Primarily set in 1858, the year before On the Origin of the Species was published, the film has many flashbacks revealing Darwin’s struggles during the previous years. The key event was the death of his eldest daughter, Annie (Martha West). Charles was an unusually devoted father for his day, and Annie was his favourite child. He was with her, caring for her, while she died at the age of ten, far from home and the rest of the family. Her untimely death devastated him, and it made deeply personal what had been an intellectual struggle for years: the problem of suffering.
His careful observations of nature had confronted him with a brutal struggle for survival. It seemed utterly contrary to the agreeable world of William Paley’s Natural Theology, which had once greatly impressed Darwin. As the years went by, he never lost his conviction that a creator was behind the existence of the universe, but he doubted that God had any further involvement in it. He described himself as an agnostic, but his agnosticism had a distinctively deist hue.

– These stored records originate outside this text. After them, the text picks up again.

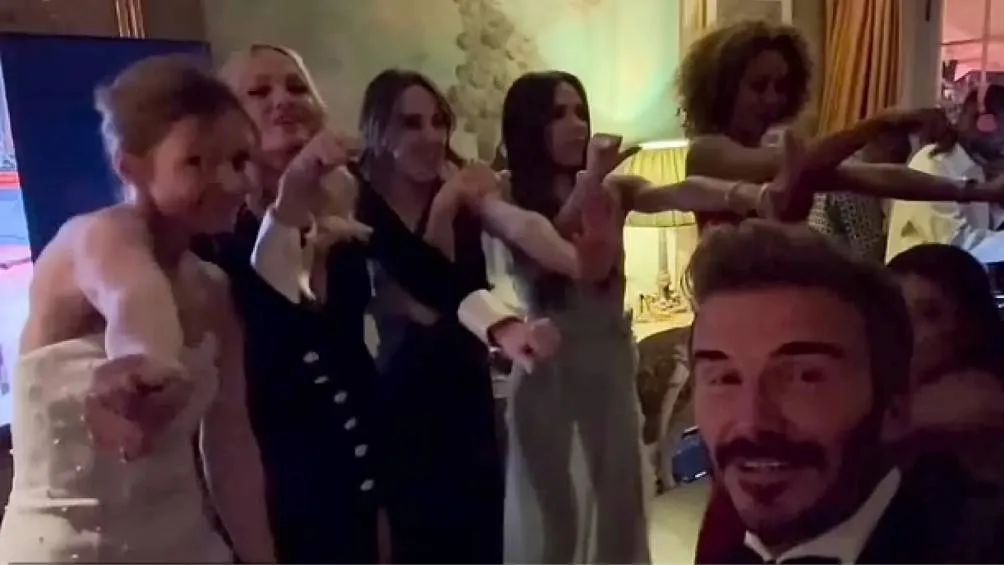 Las Spice Girls se reúnen en el cumpleaños 50 de Victoria Beckham Foto Captura de pantalla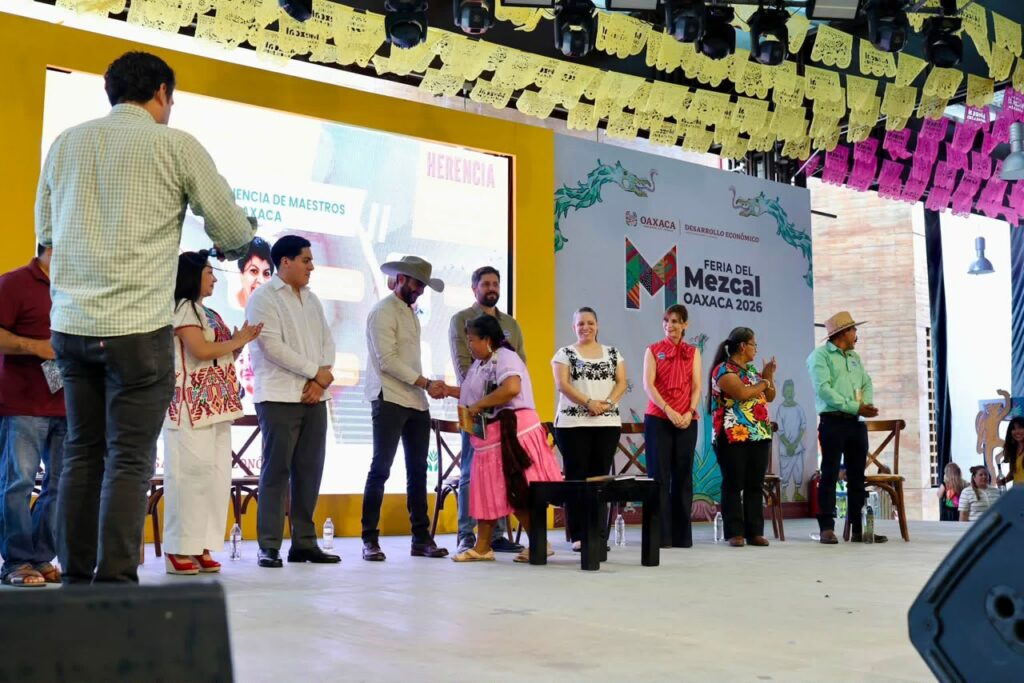 whatsapp-image-2026-07-29-at-54056-pm-5-1024x683-1 Presentan libro que rescata el legado de 44 maestras y maestros mezcaleros y reaviva el llamado para revisar el IEPS - whatsapp-image-2026-07-29-at-54056-pm-5-1024x683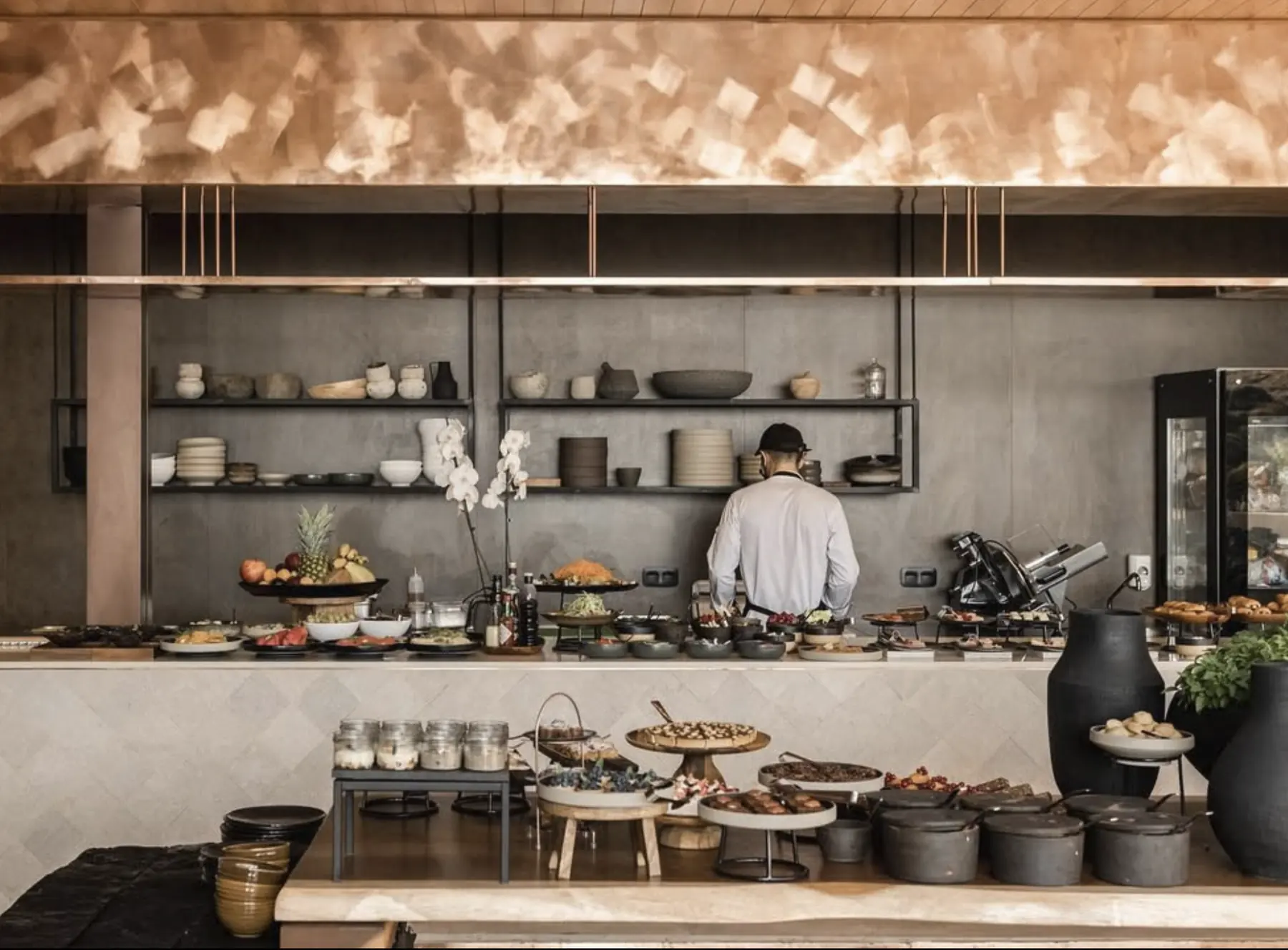 Buffet before an open kitchen with copper ceiling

Creation has been hailed by some as a celebration of atheism. On the Guardian website, Ariane Sherine described it as, ‘one of the most robust defences of atheism and agnosticism ever to appear in a mainstream film.’ It really isn’t. The one character who gives a strong atheist line is Thomas Huxley (Toby Jones), but he is portrayed as arrogant and bullying. He claims, like certain outspoken atheists today, that Darwin’s ideas have killed God, and that science and religion are at war.
Darwin himself doesn’t see it this way. Bettany portrays him as being distressed by this antagonism and anxious about the social consequences of undermining belief in God. Yes, we do see him lose faith in a personal, benevolent God, but it’s too simplistic to see this as simply a consequence of his scientific ideas, as Nick Spencer makes clear, also on the Guardian website and in his book, Darwin and God.
Emma Darwin is an important ingredient in the story. She was a committed, thoughtful Christian and Creation shows her real concern for her husband’s spiritual well-being. Letters reveal, however, that it wasn’t Charles’s ideas which were the real issue, but the fact that he was too preoccupied with scientific proof: he couldn’t engage with the possibility that God may also reveal truth in ways that are outside the scope of science. At the end of the film, Charles asks Emma to decide whether or not Origin should be published. It’s a clever way of dramatising a discussion that must have taken place between them. Emma calls herself his ‘accomplice’ for agreeing to publication, but she would never have done so if she thought his ideas really undermine belief in God.
For Huxley, perhaps for Darwin, and for many atheists today, Darwin’s ideas provide an alibi for scepticism about God. But the fact that there are Christians like Emma whose faith is not undermined by evolution shows that the alibi is far from watertight.
The relationship between science and faith is a hot topic in our society, and Creation raises some important questions as it tells the moving and significant story of one man’s struggles. That’s why Damaris was happy to produce a number of resources for churches on behalf of Icon Film Distribution. These are vital issues to discuss, and this film provides a fascinating opportunity to do so.